Chinese exports suffer record slump due to US-initiated trade war, admits China’s ‘National Bureau of Statistics’

Third World War

Beijing: The ruling Communist government in China as well as the Chinese media have consistently claimed that China will not succumb to the pressures of the trade war started by the United States. However in reality, the factors that are considered to be the backbone of the Chinese economy are seen to have been majorly affected as a result of the trade war. The Chinese exports sector, which has a lion’s share in the growth of the Chinese economy has started feeling the heat and the National Bureau of Statistics of China has conceded that there is a sustained decline in the Chinese exports over the last three months.

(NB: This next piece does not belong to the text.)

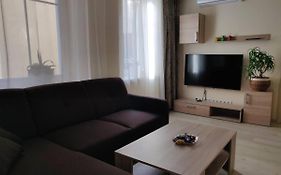 Puodziai Good Apartment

On Friday, US President Donald Trump gave clear indications of imposing taxes on Chinese imports worth $200 billion. As per the close aides of President Trump, the preparations for this have already been completed and an announcement to that effect is expected next week. Trump had also warned that the US economy is much stronger and China cannot defeat the United States in the trade war.

Against this backdrop, the information given by the National Bureau of Statistics endorses the claims and warnings issued by President Trump. As per the information given by the National Bureau of Statistics, the growth index for Chinese exports has declined for three successive months. The index known as the New Export Order Sub-index has declined by 0.4% bringing it down to 49.4% in the month of August.

The decline of New Export Order Sub-index below the 50% level is considered to be a recession in the sector, and as per the National Bureau of Statistics’ report the index has been below the 50% mark for three successive months. This is the first time in the last two years that the Chinese exports have declined for three successive months. The export sector had the maximum share in the prosperity of the Chinese economy in the last three decades and therefore a decline in exports is considered to be an omen of a new crisis.

The statistics published in the month of August showed a decline in the industrial production and investment. Whereas the growth rate of the Chinese economy for the April-June quarter as declared in July, was also lowered to 6.7%.